The Mackinac Center for Public Policy has released a new report indicating that high cigarette taxes fuel smuggling from lower-tax jurisdictions, which benefit from out-of-state buyers looking to save money on smokes.
According to the report, over 60 percent of cigarettes sold in New York are smuggled in from elsewhere. The state has the highest cigarette tax in the country, and hosts New York City, which levies its own high cigarette tax on top of the state rate.
Meanwhile, in Rhode Island, which boasts the nation’s second highest cigarette tax rate, about 40 percent of cigarettes are smuggled.

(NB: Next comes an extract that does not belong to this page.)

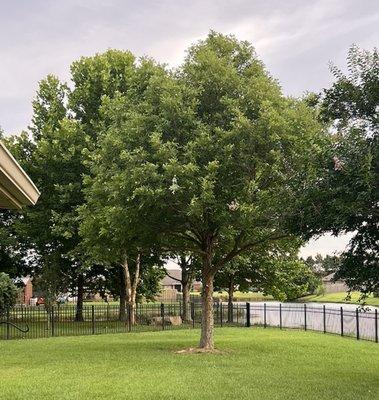 Greentech Forestry & Tree Service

Southern border states also make the list of those in which the proportion of smuggled cigarettes sold is high; proximity to Mexico, and cross-border commercial activity – licit and illicit – may explain this.

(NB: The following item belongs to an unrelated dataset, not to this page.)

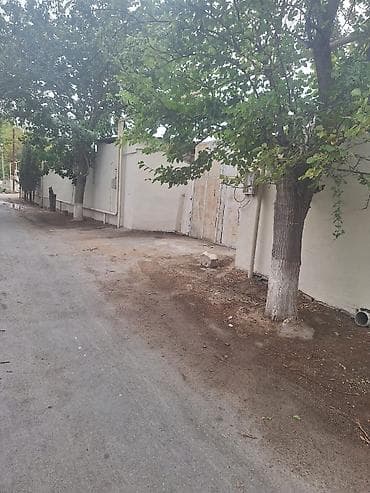 nardaran torpaq: 6 sot, Kupça (Çıxarış) — 6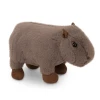 אורנג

However, in the case of many states on the list, trafficking of lower-taxed cigarettes from Virginia, North Carolina, and New Hampshire appears to be significant. In Virginia, cigarette taxes run at 30 cents per pack.

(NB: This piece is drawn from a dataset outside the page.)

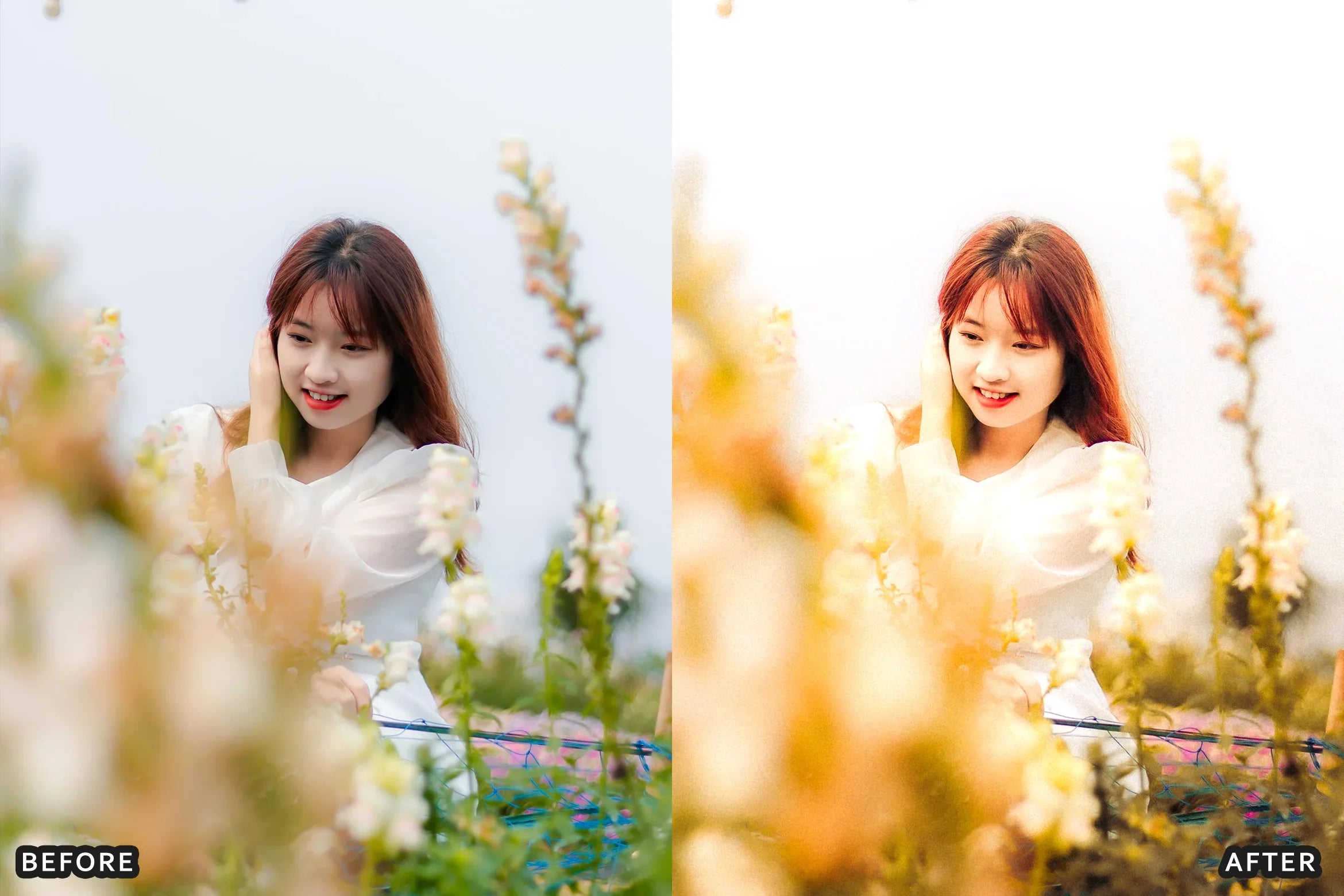 AI-Optimized Cinematic Golden Hour Lightroom Presets - Lightroom Presets - by AAA Presets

In New Hampshire, the report says 27 percent of the cigarettes sold in the state leave its borders. The cigarette tax was cut in 2010, partly in an effort to capitalize on out-of-state buyers from higher-taxed states, including Rhode Island, heading to the Granite State to buy smokes.
The authors of the report note that in Maryland, a state that does not make the top ten list but still struggles with the sale of smuggled cigarettes, “a police officer… actually used his official patrol car, uniform and pistol to escort illicit cigarette shipments to their destination.”
The report concludes that politicians’ addiction to higher cigarette tax rates has helped to spur smuggling, and that “when smuggling profits are sky high, everyone seems to want a piece of the action.”